It’s hard to let everything slip past your grasp when you swear you’re still holding it. I’m struggling to find enjoyment in the things that have brought me endless smiles. People say it was "sudden." They really like the comfort of that word. Sudden means no one is responsible for missing it.

But nothing about this came out of nowhere. You can’t call something invisible just because you refused to look closely. I’ve been dissecting it in private for years, every interaction, every word, the tone behind the word, the way a body moves when it thinks no one is studying it. My head doesn’t let interactions pass by. It replays everything, cuts it open, asks what someone meant when they thought I wasn’t paying attention in the first place. 

I know most people don’t live like this. They don’t contradict their own thoughts until the thoughts start making up stuff. I do. Sometimes I blame myself over stuff I never thought was true just to explain to people why I feel guilty. Silence feels incomplete without a something connected to it.

I’m not confused about how harsh that sounds. Awareness doesn’t soften it. It just means I watch myself think it in real time. I’ve known from the beginning that something in me was unstable. I fought it so carefully that when it finally collapsed, it happened all together, years of weight landing in two seconds. Effort has a limit. I found mine.

What saddens me is how easily my love thins when I’m tired. I’ve watched myself fall out of devotion to people I promised were permanent. Not because they changed. Because exhaustion edits attachment until trying feels optional. And some days I want to choose the version of myself that stops trying. It’s not scary anymore, how peaceful that sounds.

I know there are people who hear my kind of honesty and mistake it for performance. They think naming a feeling is the same as begging for reassurance. But when you don’t like yourself, your mind turns into a courtroom that never adjourns. Every thought is evidence. Every memory is cross-examined. The verdict is written before the trial begins. The judge was corrupt from the beginning.

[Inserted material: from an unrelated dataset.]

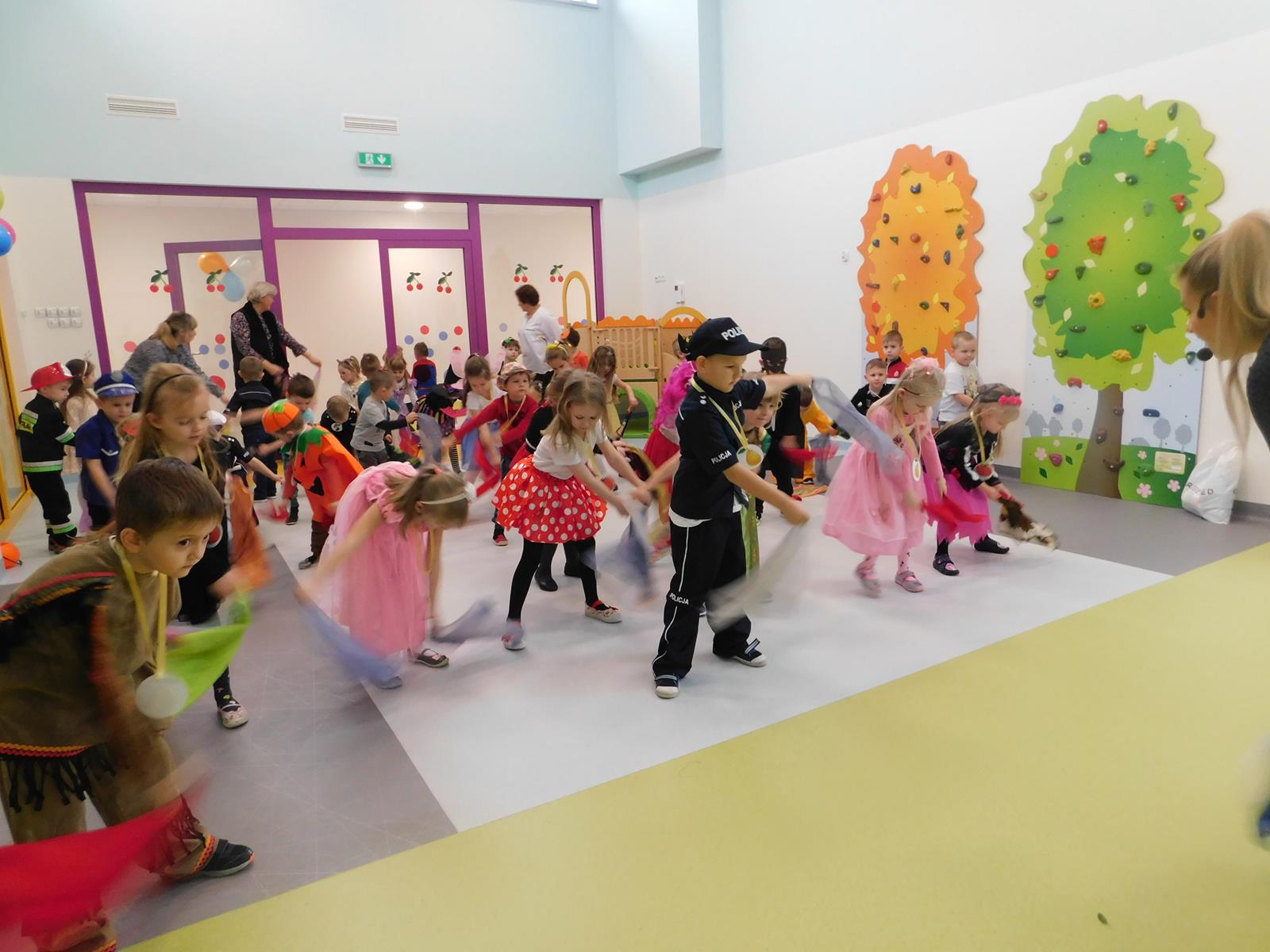 21.02. Bal karnawałowy (sala żółta, niebieska, pomarańczowa)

I can easily feel compassion outward without thinking. I understand mistakes. I forgive people before they can finish explaining themselves. That mercy disappears when it turns inward. I know how to care about others in fluent language. I speak to myself in accusation.

I learned early that needing less looked like virtue. Or being an “easy child” would make me more loved. I feel like it’s a learned response, being unseen, getting compared, getting criticized for just doing things my way. If I don’t cost anything, I can’t disappoint anyone. If I need less, I’ll be easier to love. Or if I reduce the cost of loving me, I become affordable. 

And still, even after laying it out, I can’t explain the depth of distaste for myself. The standards I apply to myself would be unrecognizable if turned outward. I would never demand this level of perfection from another person. Yet I enforce it internally with the certainty of law. Some nights it feels like I’m fighting a version of myself in a sealed room, no communication from inside or out, just the echo of my own arguments looping back at me.

I don’t think I’m searching for pity. I’m trying to understand how a mind can be this inhospitable and still insist on calling itself home.